Exercise: What are the lines from the one containing "Aqueon SmartClean фільтр" through the end of the listing below? Return them exactly, and only them.

Provided information:

_____

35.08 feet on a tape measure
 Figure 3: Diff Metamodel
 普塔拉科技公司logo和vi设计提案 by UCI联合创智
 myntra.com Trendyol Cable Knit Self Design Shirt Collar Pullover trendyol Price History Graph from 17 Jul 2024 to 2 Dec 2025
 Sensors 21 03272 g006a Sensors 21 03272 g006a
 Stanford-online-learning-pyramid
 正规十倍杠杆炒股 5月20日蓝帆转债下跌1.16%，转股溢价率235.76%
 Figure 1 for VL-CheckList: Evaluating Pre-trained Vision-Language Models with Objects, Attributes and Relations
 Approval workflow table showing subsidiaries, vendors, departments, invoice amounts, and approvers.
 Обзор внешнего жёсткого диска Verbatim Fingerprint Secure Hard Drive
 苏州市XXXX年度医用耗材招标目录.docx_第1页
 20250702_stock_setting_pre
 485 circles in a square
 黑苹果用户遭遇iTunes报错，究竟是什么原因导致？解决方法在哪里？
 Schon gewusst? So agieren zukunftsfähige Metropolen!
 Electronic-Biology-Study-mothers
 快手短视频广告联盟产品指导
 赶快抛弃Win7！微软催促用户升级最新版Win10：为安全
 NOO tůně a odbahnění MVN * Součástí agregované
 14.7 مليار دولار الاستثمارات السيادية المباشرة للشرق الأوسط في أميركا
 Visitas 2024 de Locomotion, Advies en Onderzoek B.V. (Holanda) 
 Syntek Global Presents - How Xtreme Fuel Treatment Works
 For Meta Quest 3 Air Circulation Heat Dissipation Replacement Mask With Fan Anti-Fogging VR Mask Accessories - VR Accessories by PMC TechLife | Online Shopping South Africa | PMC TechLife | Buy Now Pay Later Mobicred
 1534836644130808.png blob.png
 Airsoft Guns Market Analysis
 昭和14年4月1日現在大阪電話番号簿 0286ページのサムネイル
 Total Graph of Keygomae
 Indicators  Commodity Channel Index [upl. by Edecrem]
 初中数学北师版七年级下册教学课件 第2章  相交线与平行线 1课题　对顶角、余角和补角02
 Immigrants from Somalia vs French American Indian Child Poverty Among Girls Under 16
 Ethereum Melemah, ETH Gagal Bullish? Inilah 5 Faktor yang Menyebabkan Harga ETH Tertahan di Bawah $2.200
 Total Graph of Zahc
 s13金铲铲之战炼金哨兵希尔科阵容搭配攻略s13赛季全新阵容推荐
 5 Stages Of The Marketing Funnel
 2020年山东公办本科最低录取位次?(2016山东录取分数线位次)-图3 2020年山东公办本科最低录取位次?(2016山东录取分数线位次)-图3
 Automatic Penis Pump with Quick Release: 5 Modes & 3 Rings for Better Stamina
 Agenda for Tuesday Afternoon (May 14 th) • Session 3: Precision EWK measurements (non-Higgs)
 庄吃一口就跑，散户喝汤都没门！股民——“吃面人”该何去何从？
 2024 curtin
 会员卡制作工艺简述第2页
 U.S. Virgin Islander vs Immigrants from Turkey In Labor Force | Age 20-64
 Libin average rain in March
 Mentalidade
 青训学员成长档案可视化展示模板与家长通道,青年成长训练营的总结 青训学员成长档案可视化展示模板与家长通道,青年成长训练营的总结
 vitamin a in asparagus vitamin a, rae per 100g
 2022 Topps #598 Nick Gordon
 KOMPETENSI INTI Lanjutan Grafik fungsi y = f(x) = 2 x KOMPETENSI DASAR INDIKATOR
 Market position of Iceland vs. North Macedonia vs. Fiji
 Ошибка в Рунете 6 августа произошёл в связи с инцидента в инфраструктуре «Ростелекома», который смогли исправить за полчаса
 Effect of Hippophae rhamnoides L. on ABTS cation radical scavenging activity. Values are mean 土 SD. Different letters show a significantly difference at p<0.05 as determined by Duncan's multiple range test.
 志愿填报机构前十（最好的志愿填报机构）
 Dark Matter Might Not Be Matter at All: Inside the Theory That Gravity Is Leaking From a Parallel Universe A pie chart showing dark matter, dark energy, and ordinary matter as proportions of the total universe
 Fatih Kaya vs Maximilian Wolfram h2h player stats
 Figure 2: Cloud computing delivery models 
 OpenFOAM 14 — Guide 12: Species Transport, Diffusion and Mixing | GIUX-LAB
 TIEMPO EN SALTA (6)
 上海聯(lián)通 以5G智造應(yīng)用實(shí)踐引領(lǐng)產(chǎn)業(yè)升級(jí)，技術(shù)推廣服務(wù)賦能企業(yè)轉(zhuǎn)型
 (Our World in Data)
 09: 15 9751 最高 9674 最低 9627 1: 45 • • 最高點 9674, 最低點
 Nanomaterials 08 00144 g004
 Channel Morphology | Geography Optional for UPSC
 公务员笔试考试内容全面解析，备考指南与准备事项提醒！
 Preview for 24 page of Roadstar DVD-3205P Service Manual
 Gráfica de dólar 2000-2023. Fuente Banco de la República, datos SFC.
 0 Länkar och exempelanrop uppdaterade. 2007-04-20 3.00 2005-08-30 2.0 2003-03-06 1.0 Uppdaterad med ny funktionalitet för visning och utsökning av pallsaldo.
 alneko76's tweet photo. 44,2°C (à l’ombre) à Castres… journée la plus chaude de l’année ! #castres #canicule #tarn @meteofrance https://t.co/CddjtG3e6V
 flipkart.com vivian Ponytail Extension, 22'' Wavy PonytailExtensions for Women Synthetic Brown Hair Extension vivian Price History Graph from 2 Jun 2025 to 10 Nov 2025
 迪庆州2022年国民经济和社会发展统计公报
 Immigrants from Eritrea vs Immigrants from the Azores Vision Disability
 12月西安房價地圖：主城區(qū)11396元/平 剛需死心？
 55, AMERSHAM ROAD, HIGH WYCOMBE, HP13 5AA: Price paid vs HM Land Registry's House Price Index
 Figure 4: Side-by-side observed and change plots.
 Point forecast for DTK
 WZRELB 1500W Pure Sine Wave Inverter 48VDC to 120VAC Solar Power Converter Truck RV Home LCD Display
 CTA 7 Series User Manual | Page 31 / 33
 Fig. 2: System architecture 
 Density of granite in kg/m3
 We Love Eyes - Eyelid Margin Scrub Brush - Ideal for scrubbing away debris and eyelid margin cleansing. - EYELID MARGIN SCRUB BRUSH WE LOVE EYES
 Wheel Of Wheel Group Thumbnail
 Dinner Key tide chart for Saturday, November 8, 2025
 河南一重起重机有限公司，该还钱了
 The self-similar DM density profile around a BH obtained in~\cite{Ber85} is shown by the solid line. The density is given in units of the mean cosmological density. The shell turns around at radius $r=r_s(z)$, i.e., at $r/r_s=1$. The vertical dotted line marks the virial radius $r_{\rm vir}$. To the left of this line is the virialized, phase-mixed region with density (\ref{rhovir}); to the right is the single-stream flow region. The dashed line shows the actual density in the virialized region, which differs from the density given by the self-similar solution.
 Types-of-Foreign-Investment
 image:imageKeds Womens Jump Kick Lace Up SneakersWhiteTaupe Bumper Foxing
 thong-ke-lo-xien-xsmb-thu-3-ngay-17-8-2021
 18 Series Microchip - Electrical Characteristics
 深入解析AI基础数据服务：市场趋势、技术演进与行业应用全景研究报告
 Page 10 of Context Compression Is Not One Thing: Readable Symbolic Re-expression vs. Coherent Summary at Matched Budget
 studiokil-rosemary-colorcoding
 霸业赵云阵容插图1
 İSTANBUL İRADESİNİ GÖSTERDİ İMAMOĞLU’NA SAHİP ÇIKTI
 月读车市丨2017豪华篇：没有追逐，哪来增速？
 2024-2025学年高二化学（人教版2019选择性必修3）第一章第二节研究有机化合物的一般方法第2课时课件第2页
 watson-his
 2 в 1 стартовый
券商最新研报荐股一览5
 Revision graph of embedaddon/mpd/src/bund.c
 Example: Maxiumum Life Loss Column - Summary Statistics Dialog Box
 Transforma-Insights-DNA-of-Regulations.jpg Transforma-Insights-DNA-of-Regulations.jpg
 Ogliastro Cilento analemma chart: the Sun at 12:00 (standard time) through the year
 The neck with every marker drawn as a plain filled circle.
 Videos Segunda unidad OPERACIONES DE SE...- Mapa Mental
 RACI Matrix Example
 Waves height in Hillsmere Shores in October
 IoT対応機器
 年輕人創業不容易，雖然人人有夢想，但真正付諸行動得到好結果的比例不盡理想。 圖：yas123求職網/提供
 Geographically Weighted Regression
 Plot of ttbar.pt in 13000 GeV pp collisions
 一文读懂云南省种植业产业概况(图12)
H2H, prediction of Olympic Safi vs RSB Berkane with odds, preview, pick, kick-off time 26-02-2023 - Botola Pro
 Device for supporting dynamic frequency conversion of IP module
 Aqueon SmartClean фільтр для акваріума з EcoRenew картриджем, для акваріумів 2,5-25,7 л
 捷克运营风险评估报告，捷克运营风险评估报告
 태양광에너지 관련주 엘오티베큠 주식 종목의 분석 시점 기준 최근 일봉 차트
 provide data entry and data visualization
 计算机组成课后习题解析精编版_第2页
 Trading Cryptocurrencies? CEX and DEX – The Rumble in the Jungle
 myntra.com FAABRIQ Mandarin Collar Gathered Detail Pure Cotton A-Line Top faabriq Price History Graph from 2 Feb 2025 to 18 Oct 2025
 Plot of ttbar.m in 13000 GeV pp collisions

_____

Result of the task:
 Aqueon SmartClean фільтр для акваріума з EcoRenew картриджем, для акваріумів 2,5-25,7 л
 捷克运营风险评估报告，捷克运营风险评估报告
 태양광에너지 관련주 엘오티베큠 주식 종목의 분석 시점 기준 최근 일봉 차트
 provide data entry and data visualization
 计算机组成课后习题解析精编版_第2页
 Trading Cryptocurrencies? CEX and DEX – The Rumble in the Jungle
 myntra.com FAABRIQ Mandarin Collar Gathered Detail Pure Cotton A-Line Top faabriq Price History Graph from 2 Feb 2025 to 18 Oct 2025
 Plot of ttbar.m in 13000 GeV pp collisions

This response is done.